I have always been a keen supporter of our community and saw this as an opportunity to show leadership.  That too was on my mind.

So I agreed to get in that ring, and having been there, I thought I would share some thoughts on my experience:

1.  It is a scary proposition.  If you can conquer that fear, then it gives you a tremendous sense of satisfaction.

2.  It is a big commitment of time … and yet these are incredibly busy people.  To do this, they get even better at time management.

Kevin boxing at Fight for the Cure 20113.  The training period for me was about 5 months.  My only knowledge of boxing came from watching it on television!  I had 5 months of personalized training in a new skill.

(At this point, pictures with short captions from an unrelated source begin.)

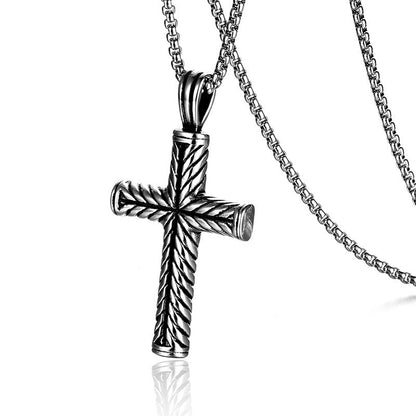Colar com Pingente de Cruz com Padrão Retorcido Retrô Simples Corrente de Aço Inoxidável Cor Prata Joias Hip Hop Presentes Para Mulheres Homens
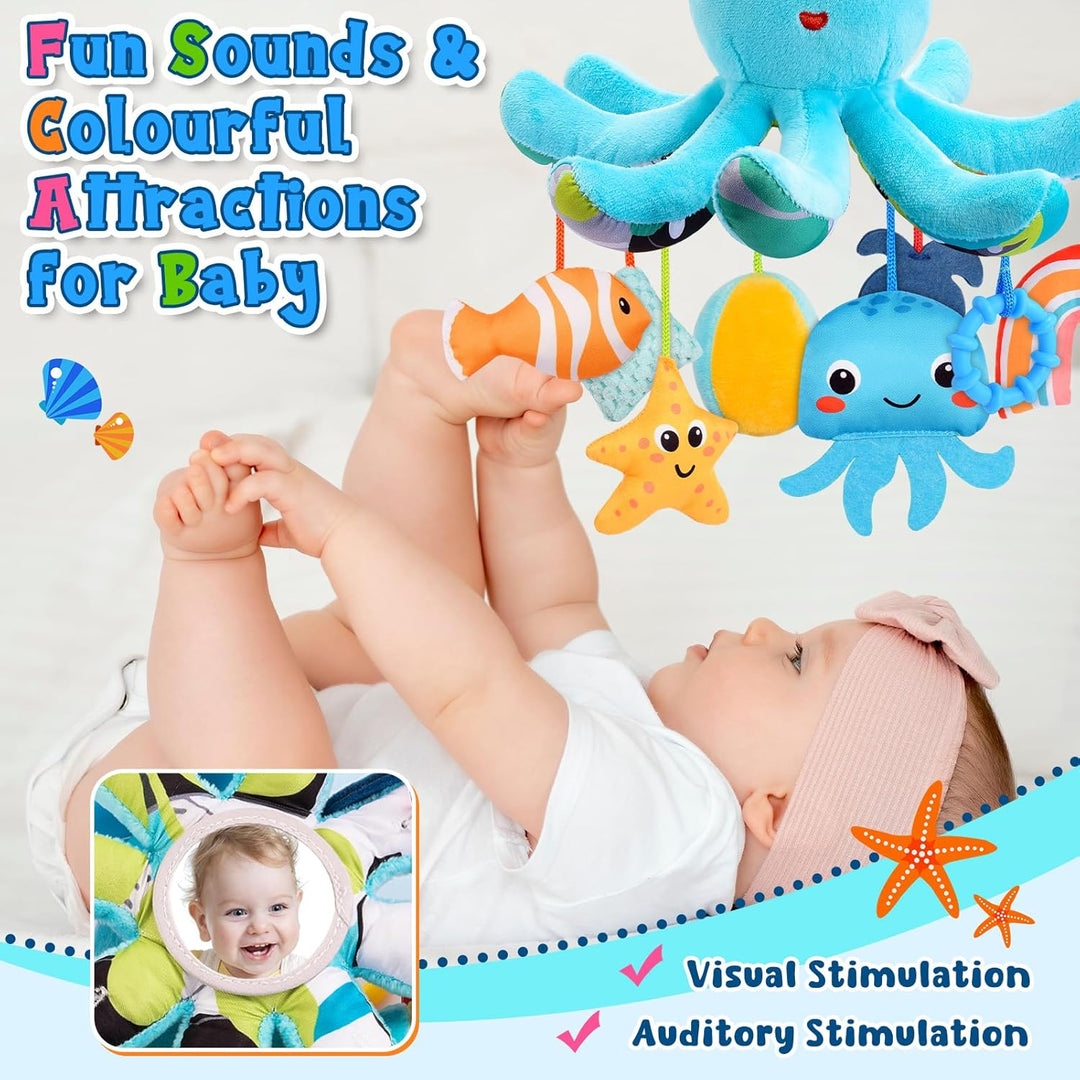 Plüsch Oktopus Baby Spielzeug 0-18 Monate – mit 8 hängenden Sensory-Spielzeugen & Spiegel– Baby Mont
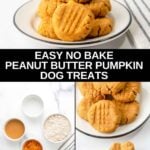 No-bake peanut butter pumpkin dog treats and the ingredients to make them.
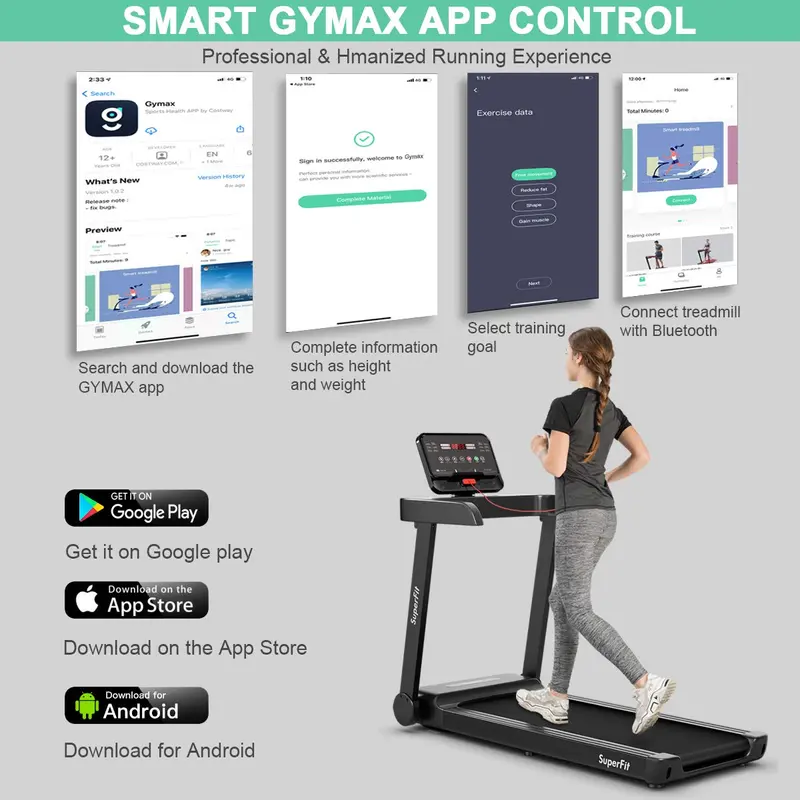 Goplus Hochleistungs-Laufband fürs Fitnessstudio – Superfit elektrisches Laufband mit App-Steuerung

4.  Boxing is a physically demanding as any sport, and to be able to compete you need to be in great shape.  The 5 months of training supplemented by my own regular exercise regimen meant that I was in pretty good shape.

5.  Any new endeavor means meeting a new group of people and I met some very dedicated and amazing people through the experience.

6.  To put on an event like this is a huge endeavor and requires a leader willing to “make it happen”.  Just being around people like that is inspirational … we boxers made a big commitment, the organisers are at an even greater level of commitment.

7.  When you support any charity you get a better understanding of its impact, and meet people who have been affected.  That is a humbling and rewarding experience.

8.  I did not have it on my bucket list, but I am proud to be able to say, “I did it!”

9.  The friends you make through an event like this are for life … because this is a relatively small number of like-minded people willing to make this kind of sacrifice, and that is a strong bond.

10.  If you are a leader then it is your responsibility to give back, to lead by example and to help make our society a better place.  This is a very public way of doing just that.

If you get the opportunity to do this, give it some serious consideration … it is a very challenging, yet rewarding, way to really give back!

PS.  I lost my bout, but won in every other way!